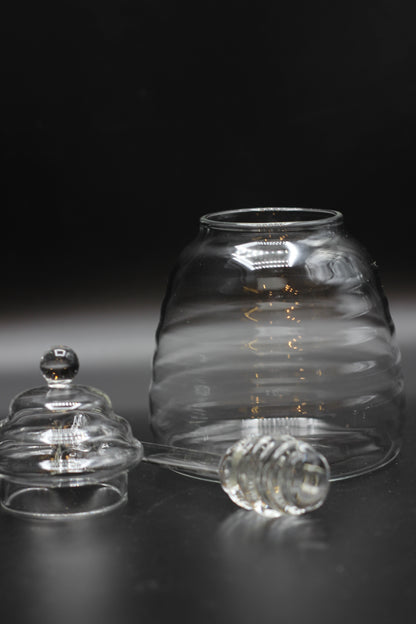 Glass Honey Jar With dipper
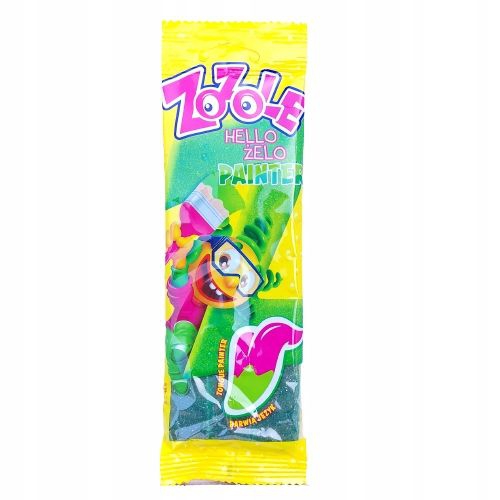 Želé pásky ZoZoLE mix Painter blue.green 75g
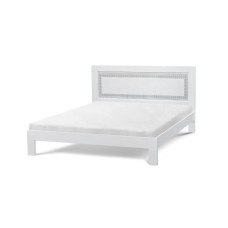 Ліжко Пандора 1600*2000 білий срібло патина Микс Мебель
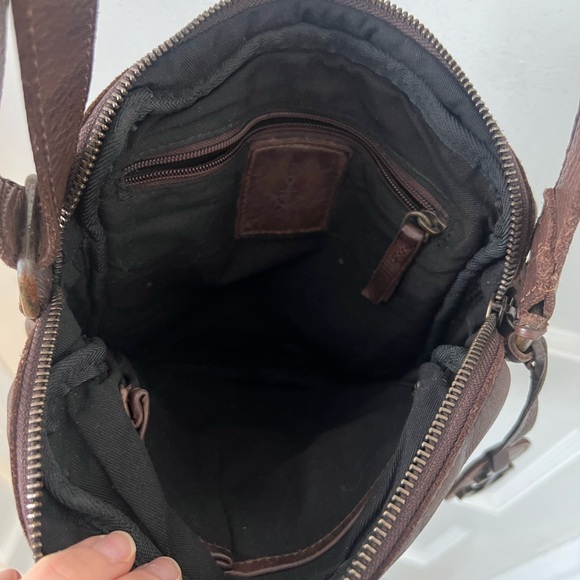 Harbour 2nd Dark Brown Leather Crossbody - Picture 5 of 7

--*--

Work required >> Omit all images when repeating the data above exactly.

Expected output >>
 Glass Honey Jar With dipper
 Želé pásky ZoZoLE mix Painter blue.green 75g
 Ліжко Пандора 1600*2000 білий срібло патина Микс Мебель
 Harbour 2nd Dark Brown Leather Crossbody - Picture 5 of 7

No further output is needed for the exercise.